The Parthian shot and its curious impact on fashion

Christine Bell

The Parthian shot and its curious impact on fashion

(66th Annual Meeting of the PIAC Göttingen, 2024)

“You wound, like Parthians, while you fly, and kill with a retreating eye.” 1

The Parthian shot – an equestrian feat of Central Asian origin that demanded highly developed archery and riding skills – has gone down in history and lives on, even today, as a metaphor in the English language. It refers to a devastating remark delivered over the shoulder of its speaker, just seconds before he or she departs the scene of a lively discussion.

The origin of the Parthian shot is a direct reference to the hit-and-run tactics of the light-cavalry in Central Asia, that was afterwards adopted by other cultures and peoples. These tactics relied on diverting opposing troops deployed in traditional maneuvers by creating the greatest possible havoc by disconcerting, distracting and diverting them from their original battle plans.

What does this have to do with fashion? Or indeed with the Parthians?

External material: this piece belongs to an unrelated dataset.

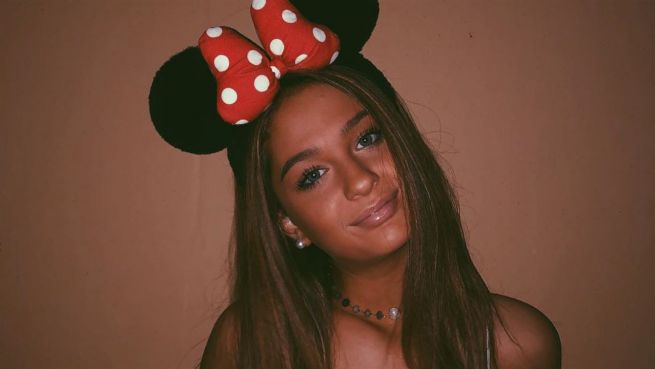 go to Kellyanne Conways Tochter postet Anti-Trump TikTok-Videos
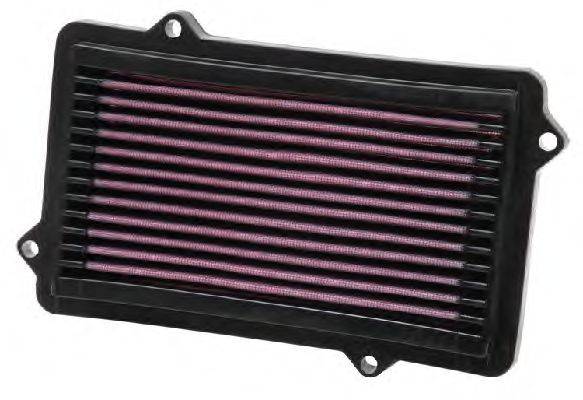 Воздушный фильтр K&N Filters 332021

This paper is about one distinctive feature of light-cavalry clothing that made its way West and can still be found in our fashion today.

1 In Samuel Butler’s poem, in 1678 “An Heroical Epistle of Hudibras to His Lady”, the poet describes the acoustical version of the Parthian shot as having a devastating effect similar as to that of horse archers dispatching arrows at their pursuers over the rump of their galloping horses.